ICC Should Be Able To Work Independently, Impartially - French Foreign Ministry
The International Criminal Court (ICC) should be able to work freely, independently and impartially, in accordance with the ICC's Rome Statute, a representative of the French Foreign Ministry said on Tuesday.
PARIS (UrduPoint News / Sputnik - 11th September, 2018) The International Criminal Court (ICC) should be able to work freely, independently and impartially, in accordance with the ICC's Rome Statute, a representative of the French Foreign Ministry said on Tuesday.
On Monday, US National Security Adviser John Bolton said that the ICC, which was seeking to look into US war crimes in Afghanistan, was a threat to US sovereignty. He added that the United States would ban ICC judges and prosecutors from entering the country and launch legal proceedings against them if the court seeks to prosecute US nationals or citizens of allied countries.
"France, along with its European partners, supports the International Criminal Court, both by the budget contribution and by cooperation with it ... The court should be able to carry out its activities without hindrance, independently and impartially, within the legal framework established by the Rome Statute," the representative told a briefing.
He added that the establishment of the ICC was an important step in the fight against impunity.
"The US threatens to impose sanctions on the ICC & even prosecute its judges in American courts. Where is the outrage? The boorishness of this rogue US regime seems to know no bounds.
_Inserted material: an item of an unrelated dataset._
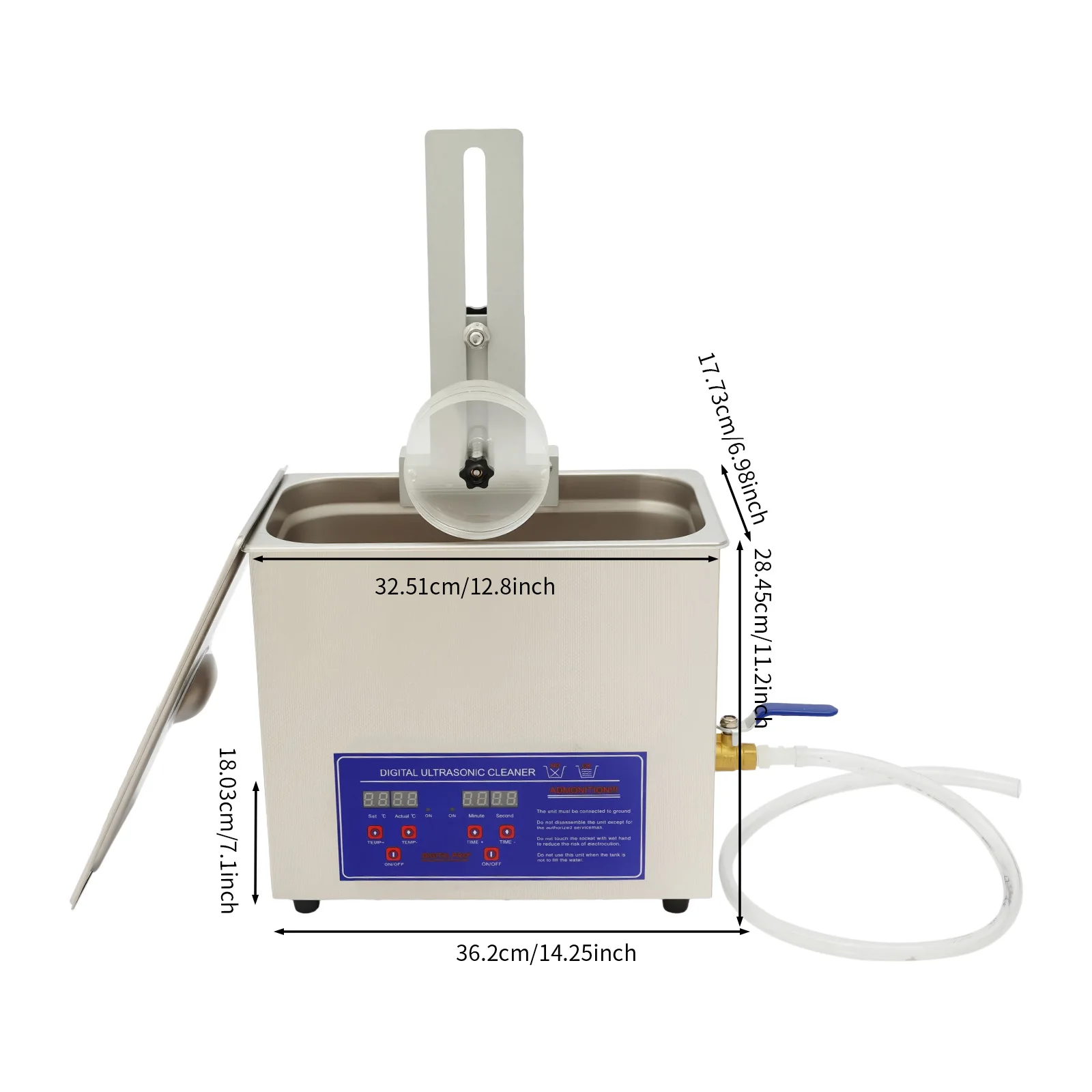 180W 6.5L Ultrasonic Cleaning Machine with Digital Timer & Heater, 40KHz Stainless Steel Washer for Jewelry, Glasses, Watches & Lab Instruments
When will the international community say enough is enough & force US to act like a normal state?" Zarif wrote on Twitter.
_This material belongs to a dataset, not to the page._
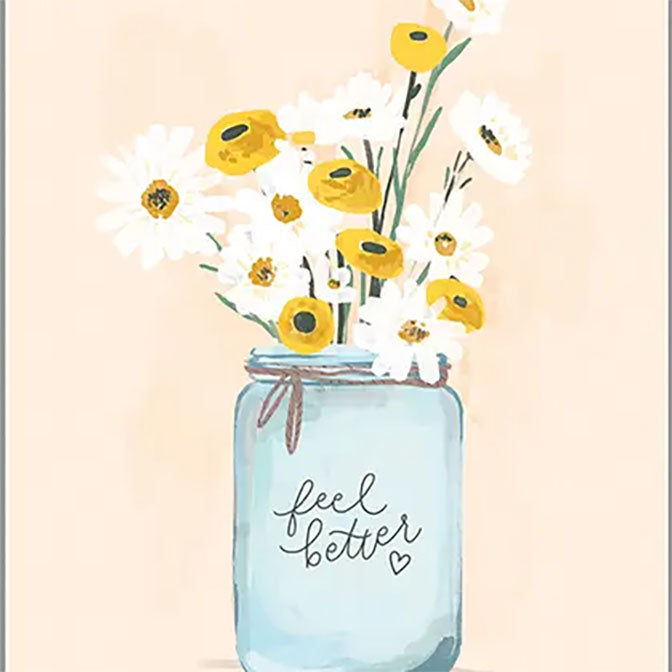 Get Well Greeting Card - Jar of Daisies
The UN-backed court said in its 2016 report that there were reasonable grounds to believe that the United States had been complicit in the torture and ill-treatment of detainees in secret detention facilities in Afghanistan in 2003-2004.
On Monday, Bolton also said that the United States would negotiate more bilateral agreements to prevent countries from surrendering US citizens to the ICC, adding that Washington would also consider taking steps at the UN Security Council in order to constrain the international court's powers.